Retornamos ao fundo do poço. Não caminhamos exatamente pelas mesmas linhas críticas que Human Traffic (1999), anteriormente falado por aqui. Estamos diante do filme que inspirou o mesmo e, este, caminha tão tenuamente próximo do horror. Possui seu humor negro, mas ele é visceral, perturbador e de certa forma, traumático.

Acompanhamos um grupo de amigos: o protagonista Mark Renton (Ewan McGregor); Sick Boy (Jonny Lee Tommy); Spud (Ewen Bremmer); Begbie (Robert Carlyle) e Tommy (Kevin McKidd) vivendo e sobrevivendo em uma realidade miserável, suja e pútrida da Escócia, perdidos por completo no mundo das drogas (inclui-se o alcoolismo). Já digo que dói meu coração não poder incluir aqui elementos de uma pendência literária de anos já, afinal, o filme é uma adaptação literária de Irvine Welsh, que conta com outra adaptação que será comentada aqui – fica o spoiler.

Afinal, do que se trata Trainspotting? O título já diz tudo: em uma tradução literal, Trainspotting significa “observação de trens”, mas qual sua relação com o filme? Observamos uma máquina moedora de seres vivos, a decadência do avanço industrial e os resultados de uma colonização histórica, que gera efeitos pesadíssimos graças as políticas neoliberais vigentes em todo o Reino Unido, graças aos feitos da 1° Ministra Margaret Thatcher (tão comentada já na crítica anterior citada mais acima no texto). Os trens ganharam sua conotação mística, mitológica, seres representavam o apogeu da 2° Revolução Industrial, abrindo trilhos e conectando com mais velocidade pessoas e mercadorias. Aqui, seremos observadores da decadência.

E nada contempla mais o eixo temático do longa que o texto de abertura tocando a icônica música Born to Slippy, ícone do cenário eletrônico britânico da época:

“Escolha viver. Escolha um emprego. Escolha uma carreira. Escolha uma família.
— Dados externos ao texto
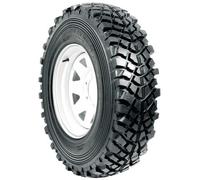 INSA TURBO Sahara S/B (205/80 R16 104 Q recauchutados)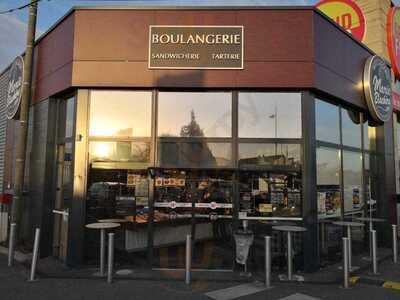 Boulangerie Marie Blachere, Sausheim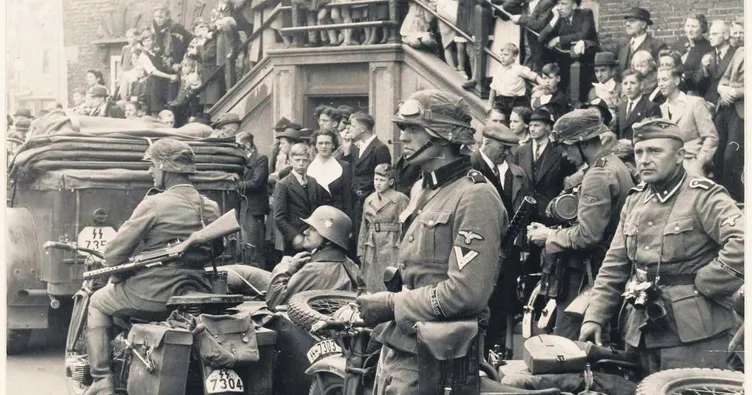 Geçmişin acı sürprizi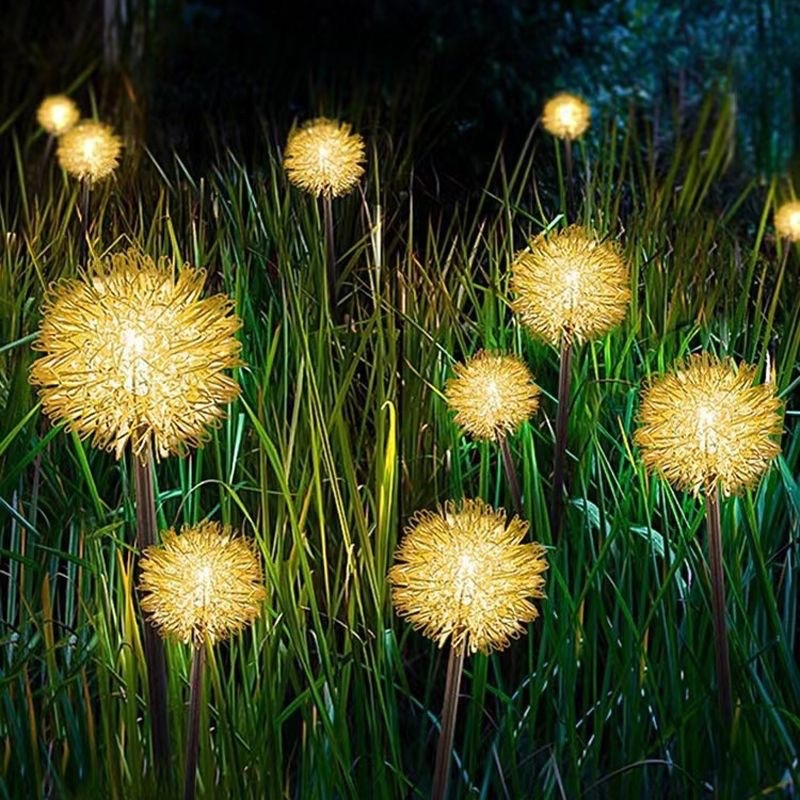 10 Combo Güneş Enerjili Karahi - Lighting Decoration Wedding incelemesi ve fiyatı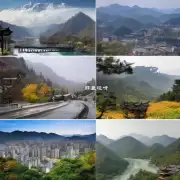 哪些城市在贵州省有较好的凉爽天气条件呢？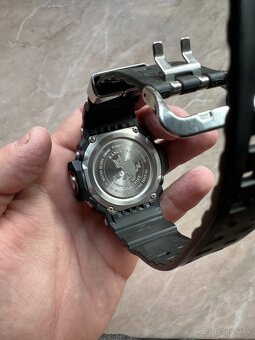 Casio g shock rangeman GW-9400 - 3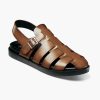 Sandals | Stacy Adams Montego Slingback Buckle Sandal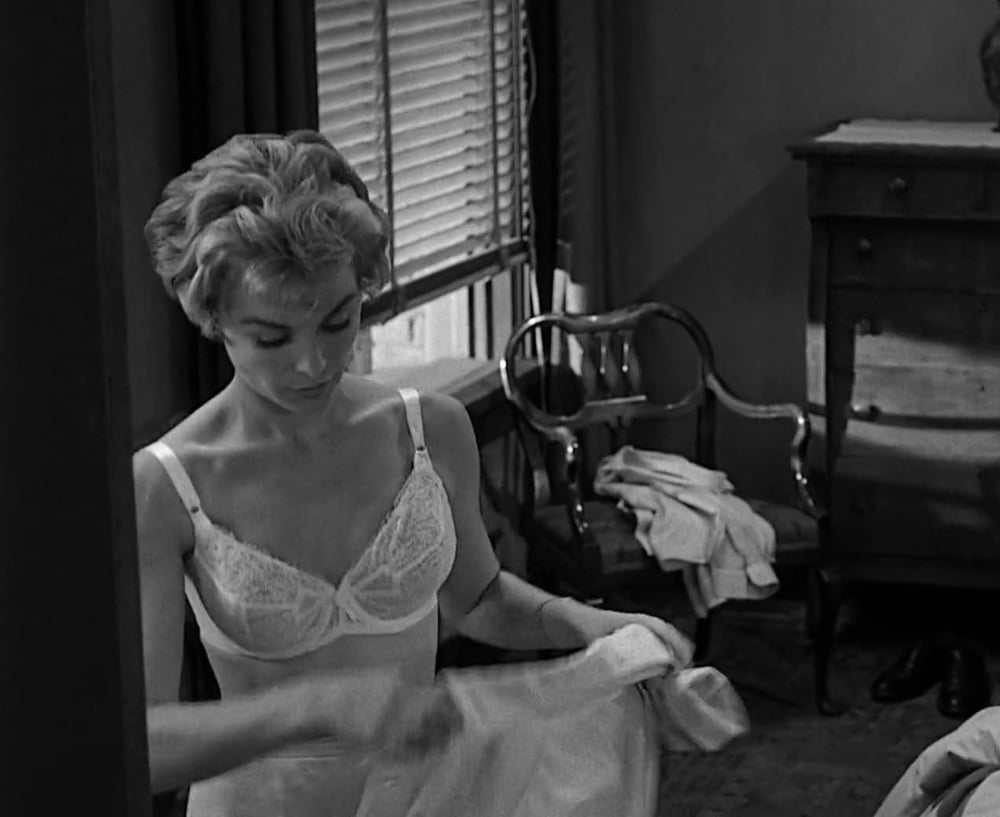 Celebrity Boobs - Janet Leigh #81318797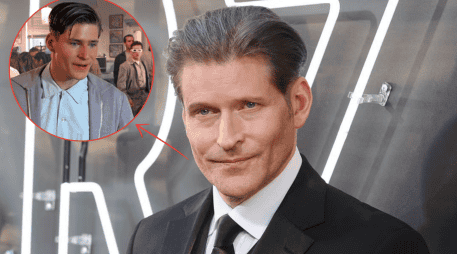 Crispin Glover, actor de 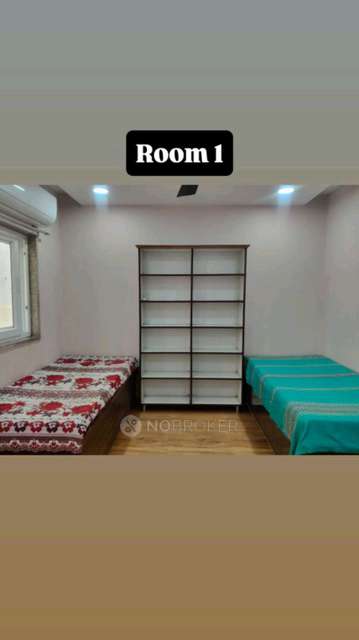 PG for Anyone in Ashok Vihar 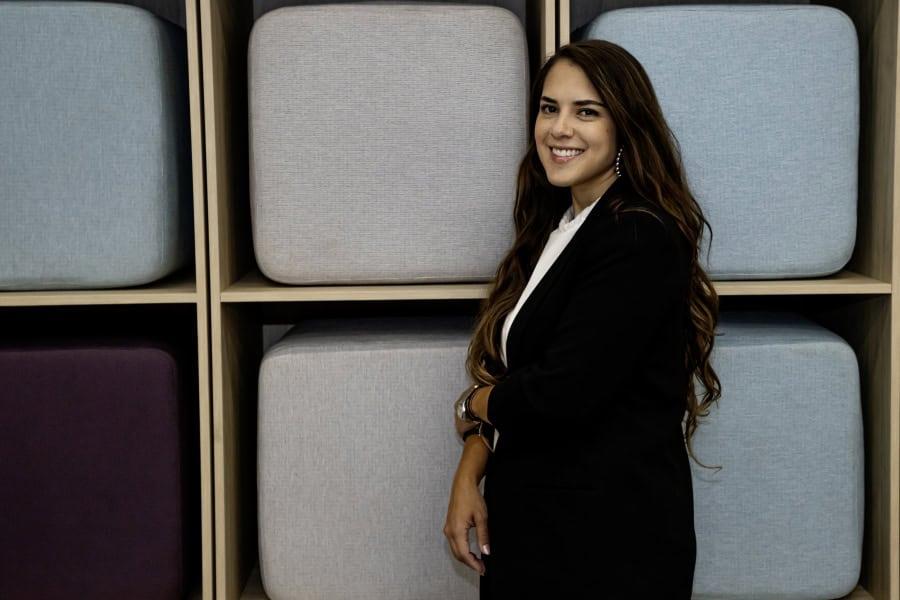 Convoca a estudiantes a redise&ntilde;ar oportunidades en &aacute;rea biom&eacute;dica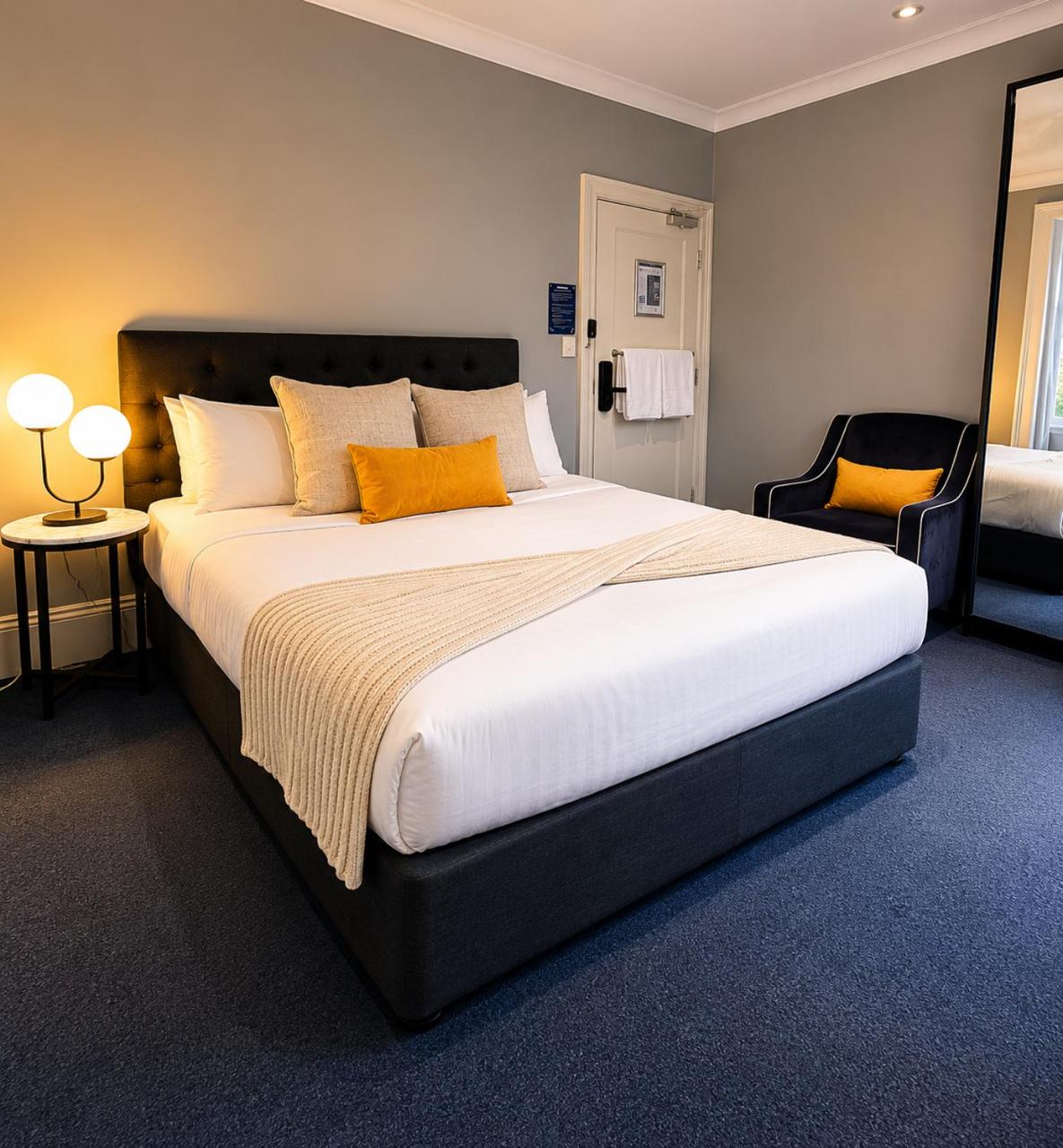 Bayswater Boutique Lodge - Potts Point photo 4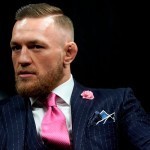 Makgregor rossiyalik sportchini barcha davrlarning eng yaxshi jangchilaridan biri deb atadi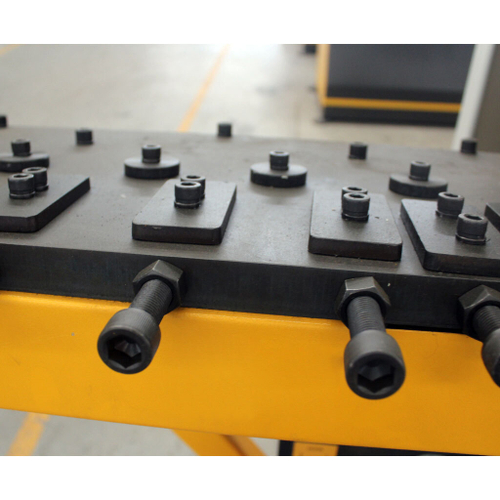 Правильно-гибочный станок ALTECO SGW12D-1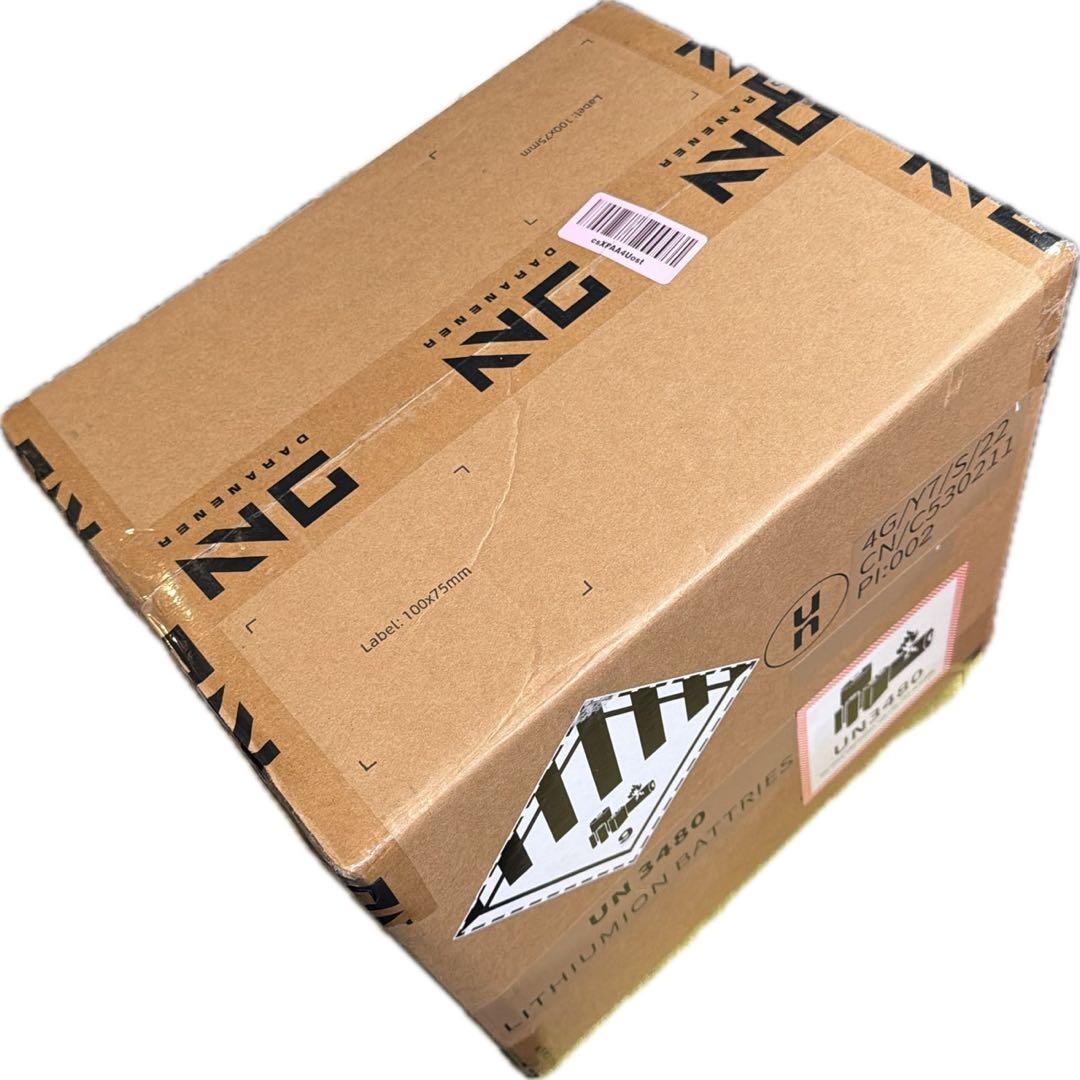 DaranEner ポータブル電源 NEO300 268.8Wh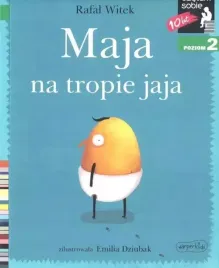czytam-sobie-poziom-2-maja-na-tropie-jaja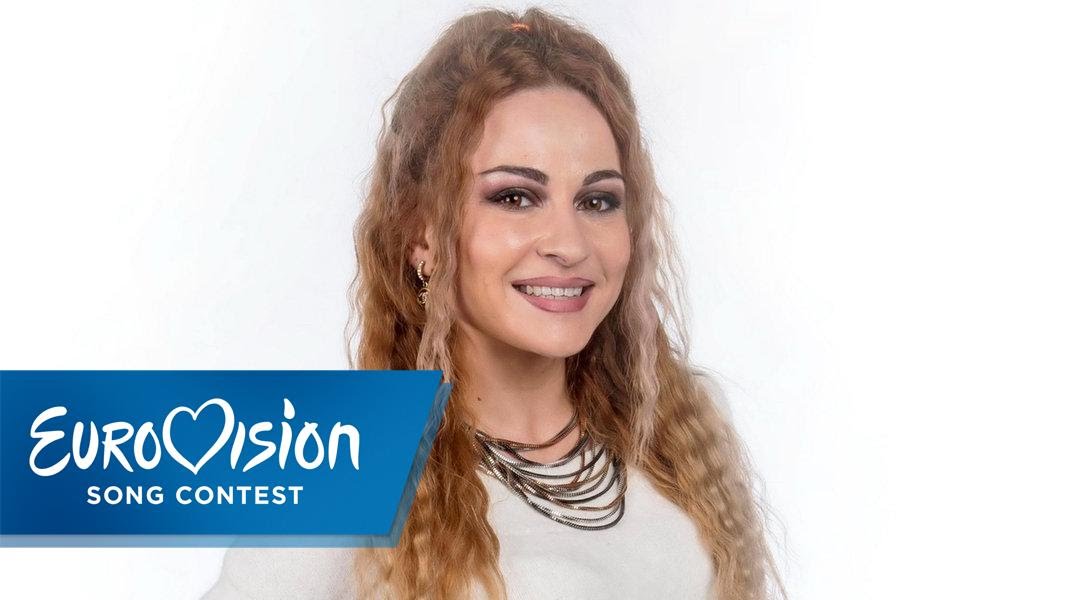 Elvira Michieva | Eurovision Song Contest | Unser Song 2017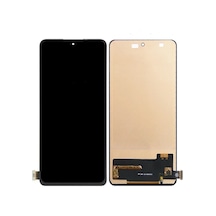 Redmi Note 11 Dokunmatik Ekran Tft Siyah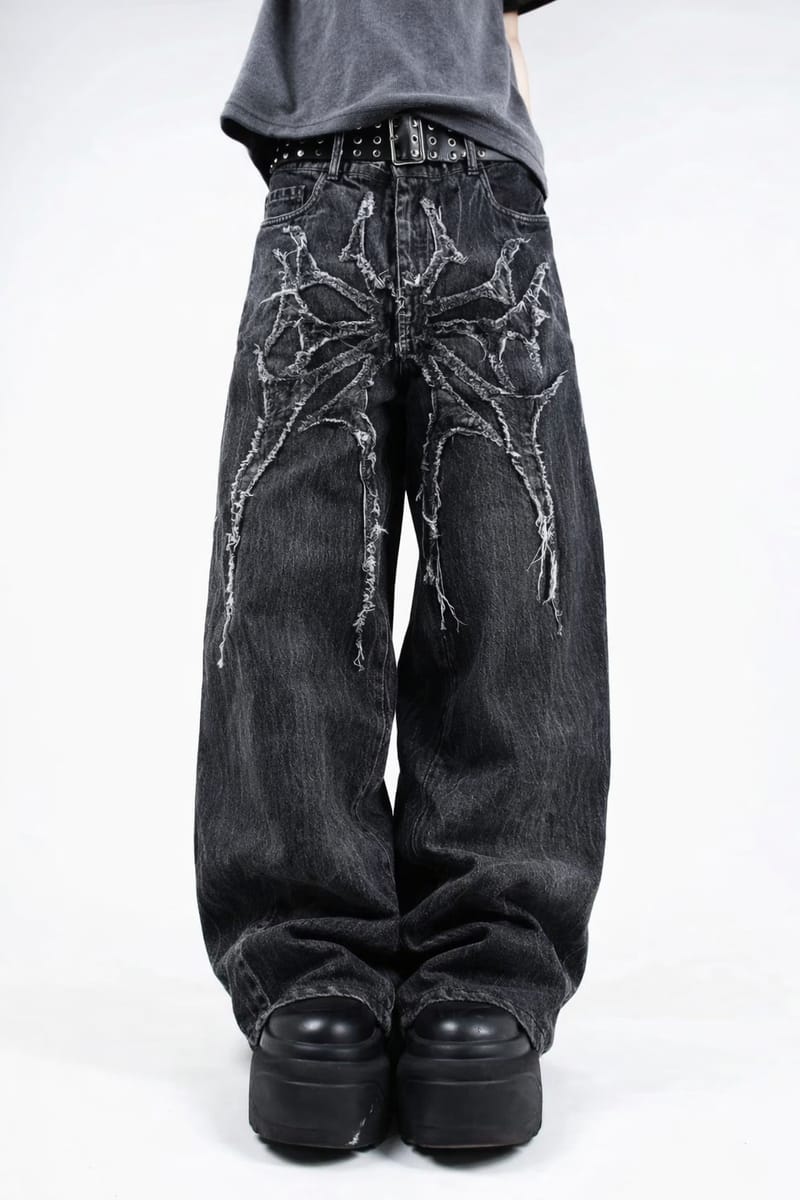 webster Denim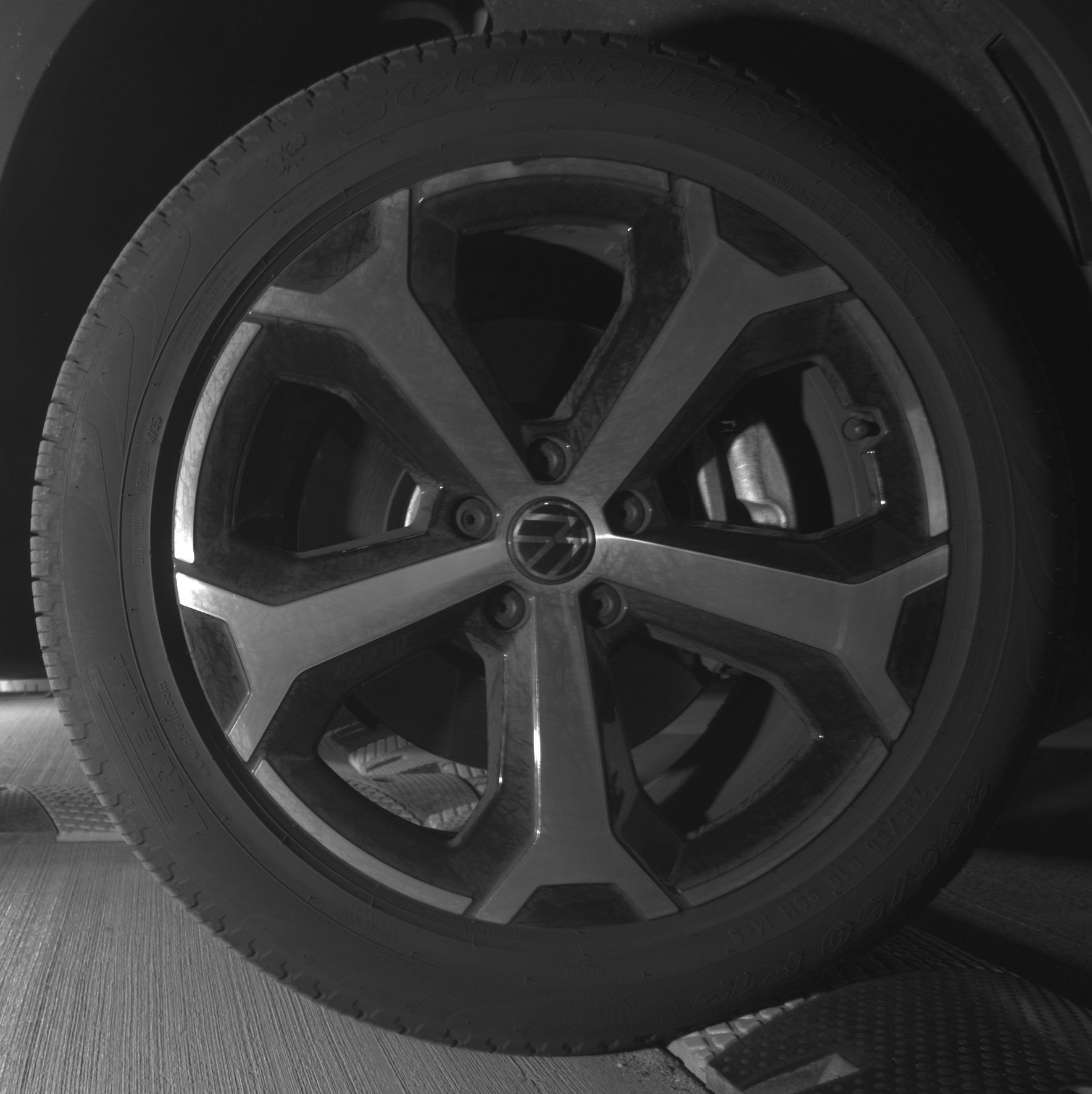Thumbnail: 2026 Volkswagen Tiguan - 15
Escolha uma televisão enorme. Escolha lavadoras de roupa, carros, CD players e abridores de latas elétricos. Escolha boa saúde, colesterol baixo e plano dentário. Escolha uma hipoteca a juros fixos. Escolha sua primeira casa. Escolha seus amigos. Escolha roupas esporte e malas combinando. Escolha um terno numa variedade de tecidos. Escolha fazer consertos em casa e pensar na vida domingo de manhã. Escolha sentar-se no sofá e ficar vendo game shows chatos na TV enfiando porcaria na sua boca. Escolha apodrecer no final, beber num lar que envergonha os filhos egoístas que pôs no mundo para substituí-lo. Escolha o seu futuro. Escolha viver.” (Feita pelo genial trabalho de voz, o narrador em primeira pessoa do filme: Ewan McGregor).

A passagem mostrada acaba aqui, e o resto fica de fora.